Kate Huang leads new study on GPCRs

March 19, 2021 by Department of Chemistry

In a paper, to be featured in the April 2021 edition of Cell, a multinational research team led by the Prosser lab at the University of Toronto and colleagues at RIKEN in Japan, reveal key steps associated with the activation of the human adenosine A2A receptor (A­2AR). A­2AR belongs to a superfamily of 7-transmembrane receptors called G protein-coupled receptors (GPCRs), which engage G proteins and regulate cell signaling. One-third of all FDA-approved drugs target GPCRs and the mechanistic principles governing this pharmacology is of great interest to the scientific community.

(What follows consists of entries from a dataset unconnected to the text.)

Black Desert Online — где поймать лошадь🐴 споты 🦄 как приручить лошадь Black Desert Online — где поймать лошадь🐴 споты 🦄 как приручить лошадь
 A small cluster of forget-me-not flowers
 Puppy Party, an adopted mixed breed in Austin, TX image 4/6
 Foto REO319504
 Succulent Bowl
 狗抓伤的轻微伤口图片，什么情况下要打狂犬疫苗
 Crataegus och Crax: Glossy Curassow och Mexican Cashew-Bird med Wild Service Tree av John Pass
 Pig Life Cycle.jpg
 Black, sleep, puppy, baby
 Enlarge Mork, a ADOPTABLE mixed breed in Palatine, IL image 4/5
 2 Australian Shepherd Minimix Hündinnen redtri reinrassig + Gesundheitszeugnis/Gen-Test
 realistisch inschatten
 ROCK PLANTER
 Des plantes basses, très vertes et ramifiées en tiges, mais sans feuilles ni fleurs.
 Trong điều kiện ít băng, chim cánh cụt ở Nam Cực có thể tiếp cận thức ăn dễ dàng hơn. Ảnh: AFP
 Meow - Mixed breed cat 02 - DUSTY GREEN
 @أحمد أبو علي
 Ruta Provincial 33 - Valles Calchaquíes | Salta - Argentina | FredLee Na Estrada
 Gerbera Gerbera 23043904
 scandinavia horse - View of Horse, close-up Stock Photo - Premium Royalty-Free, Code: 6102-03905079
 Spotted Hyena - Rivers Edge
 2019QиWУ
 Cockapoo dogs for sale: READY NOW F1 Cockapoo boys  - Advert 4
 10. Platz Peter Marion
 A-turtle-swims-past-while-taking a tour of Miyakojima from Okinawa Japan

The sole first author on this paper, Kate Huang, expressed and reconstituted this human receptor in synthetic lipid bilayers. Complexation with the heterotrimeric G protein was an astronomical feat considering the amount of materials needed for NMR experiments and the fact that yeast, E. coli, and insect cells were all utilized to produce the proteins needed to assemble the complex.

The research identifies key receptor states associated with the signalling pathway, including a precoupled state which enables G protein binding, and two active states which are stabilized by partial or full-agonist drugs. Work by the RIKEN and Tokyo Institute of Technology team builds upon the biophysical studies and observation of these states by predicting an allosteric network extending across the receptor-G protein signaling complex. Much of this conformational detail is currently lacking from more traditional X-ray crystallography or cryo-electron microscopy methods and is critical to understanding pharmacology.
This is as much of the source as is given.